Apart from the nauseating and unimaginative use of the prefix “Bit” in yet another context, the idea of a “BitLicense” is completely absurd and unethical. It’s also guaranteed that this bad idea will face a robust and successful legal challenge that will remove the possibility of any sort of “BitLicense” from being required anywhere in the United States, potentially causing that country to become the centre of all Bitcoin business for the entire world.

Let me explain why.

Some say that Bitcoin is money. Others say that it is not money. It doesn't matter. What does matter are two things; that the Bitcoin network does what it is meant to do completely reliably, and what the true nature of the Bitcoin network and the messages in it are.

Bitcoin is a distributed ledger system, maintained by a network of peers that monitors and regulates which entries are allocated to what Bitcoin addresses. This is done entirely by transmitting messages that are text, between the nodes in the network, where cryptographic procedures are executed on these messages in text to verify their authenticity and the identity of the sender and recipient of the message and their position in the public ledger. The messages sent between nodes in the Bitcoin network are human readable, and printable. There is no point in any Bitcoin transaction that Bitcoin ceases to be text. It is all text, all the time.

Bitcoin can be printed out onto sheets of paper. This output can take different forms, like machine readable QR Codes, or it can be printed out in the letters A to Z, a to z and 0 to 9. This means they can be read by a human being, just like “Huckleberry Finn”.

At the time of the creation of the United States of America, the Founding Fathers of that new country in their deep wisdom and distaste for tyranny, haunted by the memory of the absence of a free press in the countries from which they escaped, wrote into the basic law of that then young federation of free states, an explicit and unambiguous freedom, the “Freedom of the Press”. This amendment was first because of its central importance to a free society. The First Amendment guarantees that all Americans have the power to exercise their right to publish and distribute anything they like, without restriction or prior restraint.

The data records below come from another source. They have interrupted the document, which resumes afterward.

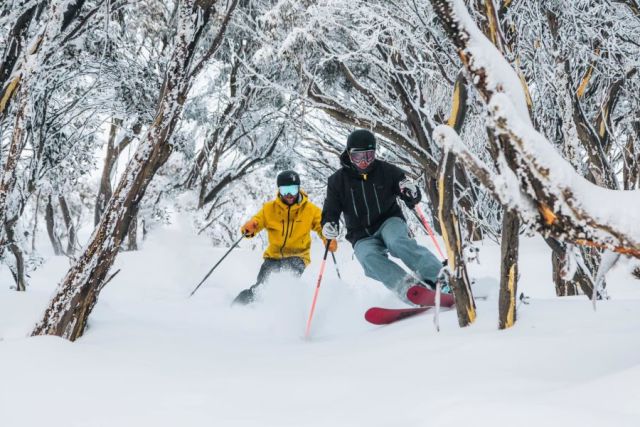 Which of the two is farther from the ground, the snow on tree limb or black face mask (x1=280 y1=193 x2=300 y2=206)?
black face mask (x1=280 y1=193 x2=300 y2=206)

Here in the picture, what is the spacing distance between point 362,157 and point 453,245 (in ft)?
5.85

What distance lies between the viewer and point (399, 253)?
4.62 m

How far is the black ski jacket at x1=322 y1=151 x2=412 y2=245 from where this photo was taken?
493 centimetres

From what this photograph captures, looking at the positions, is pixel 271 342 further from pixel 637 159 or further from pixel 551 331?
pixel 637 159

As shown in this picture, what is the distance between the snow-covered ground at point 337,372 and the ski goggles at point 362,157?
4.34ft

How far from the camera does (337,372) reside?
9.27 ft

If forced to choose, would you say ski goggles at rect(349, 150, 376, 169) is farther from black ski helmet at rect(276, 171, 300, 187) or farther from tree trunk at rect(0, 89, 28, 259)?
tree trunk at rect(0, 89, 28, 259)

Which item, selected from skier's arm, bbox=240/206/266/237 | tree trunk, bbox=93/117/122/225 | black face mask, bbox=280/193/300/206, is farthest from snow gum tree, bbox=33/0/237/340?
tree trunk, bbox=93/117/122/225

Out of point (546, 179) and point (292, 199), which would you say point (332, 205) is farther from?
point (546, 179)

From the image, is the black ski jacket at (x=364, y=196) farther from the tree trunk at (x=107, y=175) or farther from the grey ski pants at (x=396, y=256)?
the tree trunk at (x=107, y=175)

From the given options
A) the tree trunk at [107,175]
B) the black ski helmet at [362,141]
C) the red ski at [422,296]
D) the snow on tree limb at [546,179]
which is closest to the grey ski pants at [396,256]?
the red ski at [422,296]

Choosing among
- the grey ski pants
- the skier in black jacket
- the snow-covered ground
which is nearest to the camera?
the snow-covered ground

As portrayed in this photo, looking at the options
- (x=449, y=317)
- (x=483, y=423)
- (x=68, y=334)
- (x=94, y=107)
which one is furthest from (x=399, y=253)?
(x=94, y=107)

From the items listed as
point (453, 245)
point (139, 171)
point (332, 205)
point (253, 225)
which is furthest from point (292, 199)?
point (453, 245)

Congress shall make no law respecting an establishment of religion, or prohibiting the free exercise thereof; or abridging the freedom of speech, or of the press; or the right of the people peaceably to assemble, and to petition the Government for a redress of grievances.

This single line, forever precludes any law that restricts Bitcoin in any way. I will show you why.

In 1995, the US Government had on the statute books, laws that restrict the export of encryption software products from America without a license. These goods are classified as “munitions”. The first versions of the breakthrough Public Key Encryption software “Pretty Good Privacy” or “PGP”, written by Philip Zimmerman had already escaped the USA via Bulletin Board Systems from the moment it was first distributed, but all copies of PGP outside of the United States were “illegal”. In order to fix the problem of all copies of PGP outside of America being encumbered by this perception, an ingenious plan was put into motion, using the first Amendment as the means of making it happen legally.

The source code for PGP was printed out.